Een groot succes zijn ook de belevenissen op Twitter van Donald Duck en de andere figuren uit het vrolijke weekblad. Op een vrijdagmiddag in februari 2010 begint de redactie te twitteren met Donald Duck, zijn neefjes, Katrien, oom Dagobert, Willie Wortel en de Zware Jongens. Dit wordt opgemerkt door 3FM-dj en groot Disney-fan Michiel Veenstra, waardoor de zes accounts binnen enkele uren al een paar honderd volgers hebben. Dit loopt in de dagen daarna gauw op, en uiteindelijk wordt het initiatief uitgebreid tot wel veertig figuren! Marketingblogs roemen al gauw de "zorgvuldig uitgedachte contentstrategie" van deze "marketingcampagne", maar in werkelijkheid is een viertal redacteuren aan het experimenteren geslagen zonder groots vooropgezet plan. De humor van het weekblad blijkt voldoende te zijn om van "Duckstad Twitter" een succes te maken.

De wisselwerking tussen strip en online karakter wordt in 2017 ook door Maia Matches toegepast. Ruby Riveter is de hoofdpersoon in haar nieuwe webcomic over online dating, maar je kunt haar belevenissen ook volgen op Facebook en Instagram. 

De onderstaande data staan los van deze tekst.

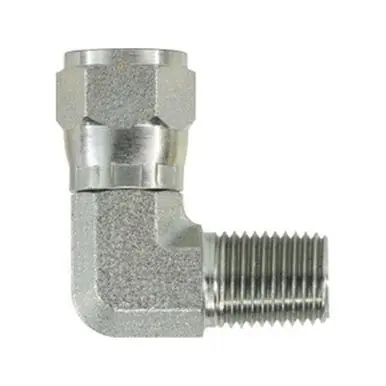 Midland Industries 650164 - 90° Swivel Nut Elbow, 9/16" Female JIC x 1/4" MPT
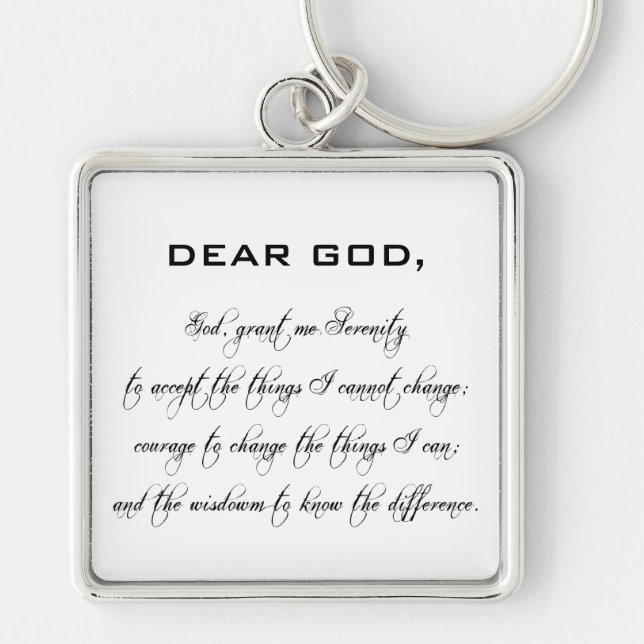 Key Chain - Serenity Prayer (Front)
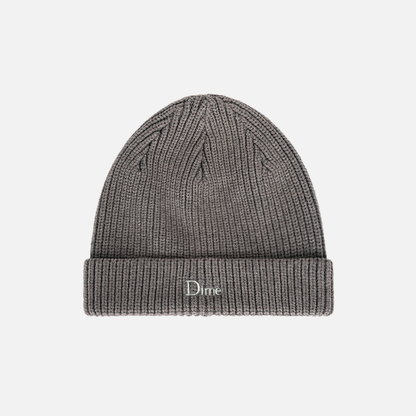 Rib Fold Beanie Dark Gray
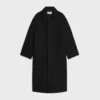 Coat in Double-Face Wool Felt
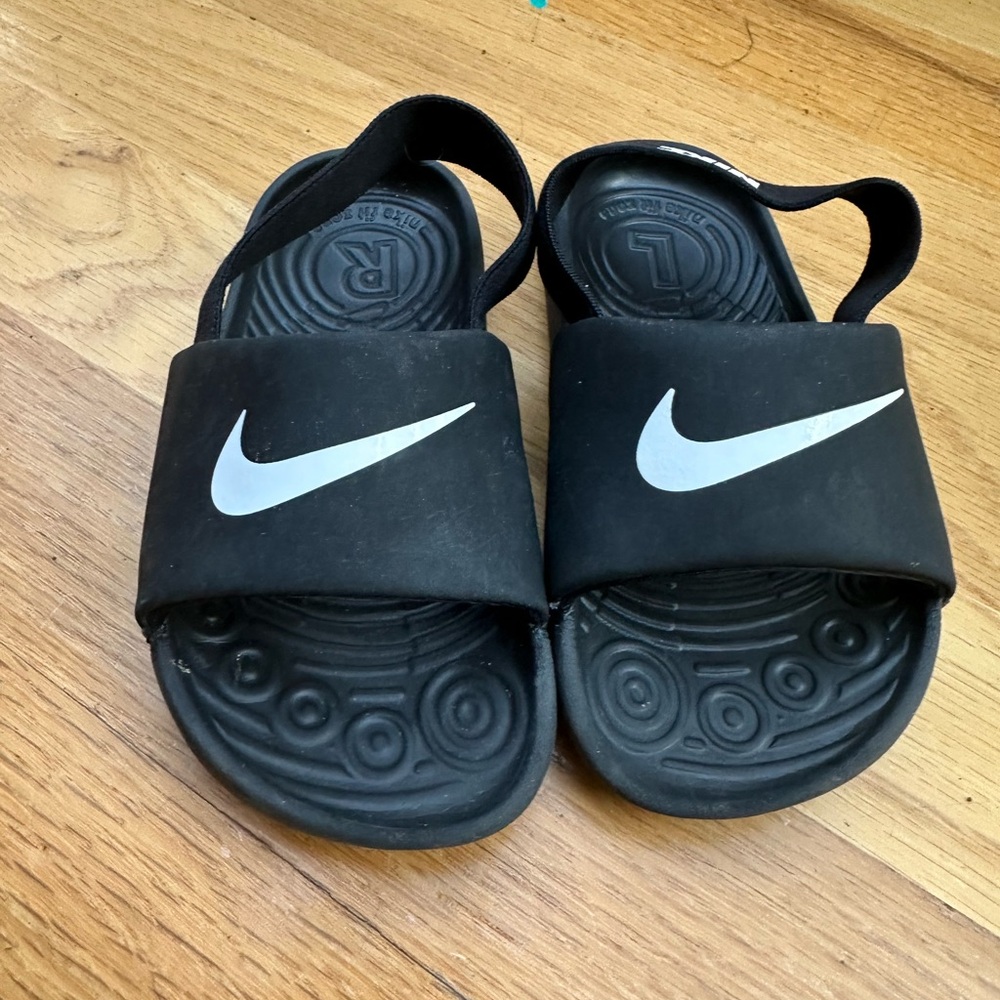 Kids Baby/Toddler Black Nike Kawa Slide Sandals - Toddler Size 8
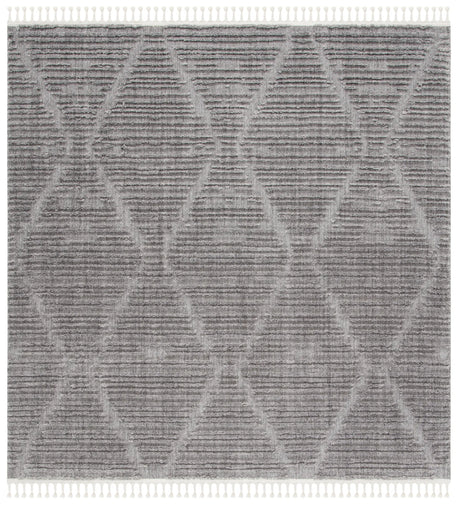 Safavieh Marrakesh 6'-7" x 6'-7" Rug in Grey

Tot slot kunnen wij nog melden dat Nederland zijn eigen Stripvlogger heeft! Sinds 2015 bespreekt Marcel Haster op Youtube nieuwe strips en doet hij verslag van stripevenementen. Journalist Robin Vinck vulde eind 2016 zijn website Stripjournaal aan met een podcast, waarin hij diverse personen uit de stripwereld aan het woord laat, vanaf 2018 met Personalia-uitgever Seb van der Kaaden als vaste sidekick. En waar Nederlandse en Vlaamse stripliefhebbers en -journalisten elkaar voorheen vooral op fora troffen, zijn in dit decennium Facebook-groepen als Stripknip (geïnitieerd door Gert Fransen) zeer actief!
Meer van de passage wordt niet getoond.